Thanks to the continued support of our generous donors, we have been able to provide women in extreme hardship with small grants to enable them to meet their basic needs. For example, we gave £20 to a woman who has just given birth and who was struggling to buy nutritious food. Her friend managed to get her what she needed and she has been chatting with one of our volunteers about the joys and challenges of motherhood! 

We are also working with two qualified advisors, in partnership with Notre Dame Refugee Centre, who are able to provide quality telephone advice to women on their asylum claims and to connect them with other forms of support. 

Advocating for the safe release of women locked up at Yarl’s Wood 

Following the confirmed case of coronavirus in Yarl’s Wood detention centre, we have been working hard to draw attention to the inhumanity of locking vulnerable people up in close proximity during a global pandemic. We have been supporting women who have serious health conditions or who have survived trafficking, rape and other extreme abuses – women who should never be detained, even under normal circumstances. 
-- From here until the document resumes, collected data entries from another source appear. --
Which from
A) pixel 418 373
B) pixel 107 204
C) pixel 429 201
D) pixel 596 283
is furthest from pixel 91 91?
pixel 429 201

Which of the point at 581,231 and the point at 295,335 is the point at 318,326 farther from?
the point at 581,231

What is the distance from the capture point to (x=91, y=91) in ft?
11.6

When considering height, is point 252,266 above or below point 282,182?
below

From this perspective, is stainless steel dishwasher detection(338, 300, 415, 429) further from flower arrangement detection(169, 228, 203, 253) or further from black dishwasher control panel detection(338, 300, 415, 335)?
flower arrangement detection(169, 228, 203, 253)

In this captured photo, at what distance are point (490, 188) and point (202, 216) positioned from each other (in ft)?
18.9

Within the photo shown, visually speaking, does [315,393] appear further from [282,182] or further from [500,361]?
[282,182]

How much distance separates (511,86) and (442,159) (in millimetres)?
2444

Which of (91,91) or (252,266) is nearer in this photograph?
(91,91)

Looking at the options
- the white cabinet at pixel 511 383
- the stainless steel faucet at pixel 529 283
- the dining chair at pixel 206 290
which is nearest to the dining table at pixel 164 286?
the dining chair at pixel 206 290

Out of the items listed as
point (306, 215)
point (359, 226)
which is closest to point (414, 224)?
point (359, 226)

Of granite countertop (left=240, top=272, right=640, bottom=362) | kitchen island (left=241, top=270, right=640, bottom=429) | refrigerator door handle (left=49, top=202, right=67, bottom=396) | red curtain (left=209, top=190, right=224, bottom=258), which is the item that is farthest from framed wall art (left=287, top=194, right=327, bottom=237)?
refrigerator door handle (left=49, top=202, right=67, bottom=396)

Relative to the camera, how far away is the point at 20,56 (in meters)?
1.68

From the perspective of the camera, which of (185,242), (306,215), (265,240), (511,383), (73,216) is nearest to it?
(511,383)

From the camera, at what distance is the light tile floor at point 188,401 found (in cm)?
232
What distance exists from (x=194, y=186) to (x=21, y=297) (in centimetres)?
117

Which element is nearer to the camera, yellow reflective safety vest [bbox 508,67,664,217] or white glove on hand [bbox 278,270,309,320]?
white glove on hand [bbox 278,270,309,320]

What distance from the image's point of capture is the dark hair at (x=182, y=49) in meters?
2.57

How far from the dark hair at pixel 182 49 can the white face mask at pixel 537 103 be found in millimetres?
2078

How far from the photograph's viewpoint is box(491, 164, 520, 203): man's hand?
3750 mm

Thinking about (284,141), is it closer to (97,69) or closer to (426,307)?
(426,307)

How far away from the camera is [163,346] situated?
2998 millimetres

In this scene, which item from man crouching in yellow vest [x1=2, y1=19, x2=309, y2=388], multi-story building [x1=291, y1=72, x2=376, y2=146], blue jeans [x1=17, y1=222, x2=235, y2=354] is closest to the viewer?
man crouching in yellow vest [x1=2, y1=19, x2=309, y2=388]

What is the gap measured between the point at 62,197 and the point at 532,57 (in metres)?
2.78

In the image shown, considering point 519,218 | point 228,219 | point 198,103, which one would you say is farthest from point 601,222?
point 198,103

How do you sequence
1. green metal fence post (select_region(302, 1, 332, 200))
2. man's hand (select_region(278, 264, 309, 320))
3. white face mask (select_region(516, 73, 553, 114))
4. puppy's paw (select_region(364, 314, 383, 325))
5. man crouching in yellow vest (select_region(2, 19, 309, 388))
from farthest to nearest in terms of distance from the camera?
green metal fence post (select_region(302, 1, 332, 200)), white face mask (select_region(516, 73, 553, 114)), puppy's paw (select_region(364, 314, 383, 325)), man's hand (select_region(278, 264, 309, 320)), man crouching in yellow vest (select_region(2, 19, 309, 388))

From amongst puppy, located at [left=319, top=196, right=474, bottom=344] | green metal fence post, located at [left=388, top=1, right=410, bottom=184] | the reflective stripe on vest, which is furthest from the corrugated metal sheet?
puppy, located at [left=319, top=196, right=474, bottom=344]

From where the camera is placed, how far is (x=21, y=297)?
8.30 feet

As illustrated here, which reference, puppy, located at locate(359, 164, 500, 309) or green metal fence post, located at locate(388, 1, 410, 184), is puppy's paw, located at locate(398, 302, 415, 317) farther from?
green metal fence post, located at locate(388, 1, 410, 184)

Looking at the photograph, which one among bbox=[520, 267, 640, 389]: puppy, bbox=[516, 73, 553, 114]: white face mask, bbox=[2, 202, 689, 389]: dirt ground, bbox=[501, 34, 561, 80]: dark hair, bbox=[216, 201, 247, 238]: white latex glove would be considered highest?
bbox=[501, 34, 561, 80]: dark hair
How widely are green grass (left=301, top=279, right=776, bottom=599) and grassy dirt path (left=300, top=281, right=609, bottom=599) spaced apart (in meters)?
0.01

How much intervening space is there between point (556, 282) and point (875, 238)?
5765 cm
We have heard that there are only around 20 women still detained at Yarl’s Wood. These women should all be released into accommodation where they can safely self-isolate within the community. We will keep supporting women in Yarl’s Wood and connecting them with good solicitors who can challenge their detention, as well as maintaining pressure for the complete closure of Yarl’s Wood 

Ann*, who was released this week, told us:

Yarl’s Wood turned my world upside down. Now I have been released, I am still trying to adjust. This is such a strange time. But because you are with me every step of the way I am starting to get my smile back. Thank you for making me feel that I am not alone right now.” 
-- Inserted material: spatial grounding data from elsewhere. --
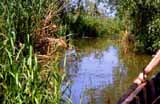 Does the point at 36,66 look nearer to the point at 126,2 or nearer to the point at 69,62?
the point at 69,62

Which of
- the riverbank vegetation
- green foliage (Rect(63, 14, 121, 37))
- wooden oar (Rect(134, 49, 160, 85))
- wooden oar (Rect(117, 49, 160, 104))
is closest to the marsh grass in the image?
the riverbank vegetation

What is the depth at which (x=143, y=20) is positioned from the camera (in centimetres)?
2047

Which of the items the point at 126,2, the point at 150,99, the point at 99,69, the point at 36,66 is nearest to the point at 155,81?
the point at 150,99

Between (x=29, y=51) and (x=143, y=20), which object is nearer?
(x=29, y=51)

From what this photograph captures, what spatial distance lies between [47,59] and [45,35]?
68 cm

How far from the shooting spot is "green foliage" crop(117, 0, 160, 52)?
1848 centimetres

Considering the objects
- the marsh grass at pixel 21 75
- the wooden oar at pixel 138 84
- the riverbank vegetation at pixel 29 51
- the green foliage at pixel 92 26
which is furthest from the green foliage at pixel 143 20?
the wooden oar at pixel 138 84

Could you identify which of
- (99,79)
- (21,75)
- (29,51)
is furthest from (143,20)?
(21,75)

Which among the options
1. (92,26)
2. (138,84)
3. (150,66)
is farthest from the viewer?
(92,26)

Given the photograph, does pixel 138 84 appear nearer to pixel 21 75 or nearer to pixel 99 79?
pixel 21 75

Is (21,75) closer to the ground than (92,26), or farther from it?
farther from it

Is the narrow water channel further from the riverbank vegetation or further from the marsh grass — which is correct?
the marsh grass

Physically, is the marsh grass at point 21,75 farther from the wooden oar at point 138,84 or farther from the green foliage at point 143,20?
the green foliage at point 143,20

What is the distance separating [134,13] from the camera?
20547 millimetres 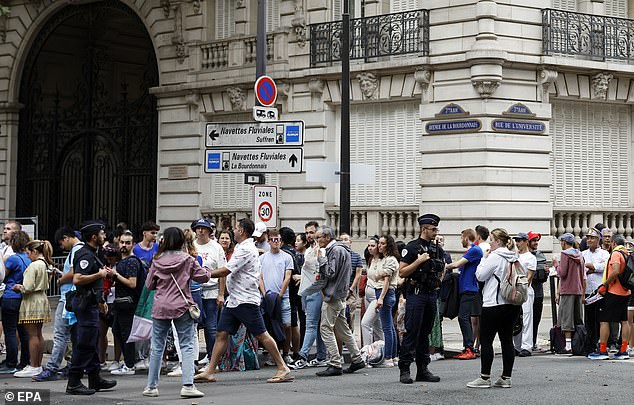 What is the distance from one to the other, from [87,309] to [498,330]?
4.47 meters

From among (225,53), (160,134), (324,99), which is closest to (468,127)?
(324,99)

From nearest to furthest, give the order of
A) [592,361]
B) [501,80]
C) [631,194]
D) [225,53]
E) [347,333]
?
[347,333], [592,361], [501,80], [631,194], [225,53]

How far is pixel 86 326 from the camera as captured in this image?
42.2 ft

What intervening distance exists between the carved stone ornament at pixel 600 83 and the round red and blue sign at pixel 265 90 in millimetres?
8131

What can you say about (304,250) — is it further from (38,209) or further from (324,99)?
(38,209)

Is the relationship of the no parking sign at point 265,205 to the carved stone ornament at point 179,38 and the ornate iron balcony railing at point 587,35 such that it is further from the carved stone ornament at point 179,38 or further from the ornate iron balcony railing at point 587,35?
the carved stone ornament at point 179,38

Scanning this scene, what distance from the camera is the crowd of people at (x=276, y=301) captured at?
42.3 ft

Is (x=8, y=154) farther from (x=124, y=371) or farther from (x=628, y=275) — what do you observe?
(x=628, y=275)

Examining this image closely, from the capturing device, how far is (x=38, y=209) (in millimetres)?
32250

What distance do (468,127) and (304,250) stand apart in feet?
22.8

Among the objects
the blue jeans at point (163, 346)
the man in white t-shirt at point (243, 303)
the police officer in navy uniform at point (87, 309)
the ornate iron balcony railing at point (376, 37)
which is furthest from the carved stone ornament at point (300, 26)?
the blue jeans at point (163, 346)

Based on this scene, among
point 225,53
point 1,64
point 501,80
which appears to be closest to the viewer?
point 501,80

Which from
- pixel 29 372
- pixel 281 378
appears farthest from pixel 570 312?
pixel 29 372

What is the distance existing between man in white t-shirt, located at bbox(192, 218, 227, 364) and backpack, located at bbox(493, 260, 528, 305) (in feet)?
12.8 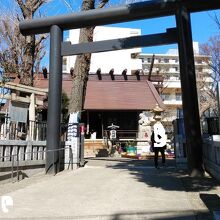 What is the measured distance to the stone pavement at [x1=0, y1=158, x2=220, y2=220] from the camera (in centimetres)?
593

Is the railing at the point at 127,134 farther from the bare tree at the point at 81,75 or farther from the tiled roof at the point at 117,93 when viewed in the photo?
Result: the bare tree at the point at 81,75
Speaking on BBC Woman’s Hour yesterday, our director Natasha Walter said, 

“We'll only come through this crisis with our values intact if we remember our solidarity with the most vulnerable in our community.” 

Sharing solidarity 

A real sense of solidarity and community is apparent even in these challenging times. It has been amazing to see communities come together to support one another through mutual aid groups and neighbourly kindness. 

Our drama group are adjusting to not being able to meet face-to-face by sharing songs and short exercises over video:



And our Rainbow Sisters group for LGBT asylum-seeking women are holding weekly group video calls to stay in touch and support one another:



Grassroots groups across the UK are doing amazing work to continue supporting refugee women through this time 

We are also continuing to work alongside grassroots groups who are supporting refugee and asylum-seeking women across the UK. They have been sending us moving updates from women in their networks. Here are just a few examples: 

Oasis Cardiff are distributing emergency supplies to women in hardship and continuing to provide a warm Welsh welcome to asylum-seeking women through their wellbeing WhatsApp group. One woman they supported says:

“I would like to thank Oasis for helping us in this situation. Their food parcels are great and will help to get through this terrible time. It’s like you guys pour water over a forever dry desert. Be safe and keep on saving!!” 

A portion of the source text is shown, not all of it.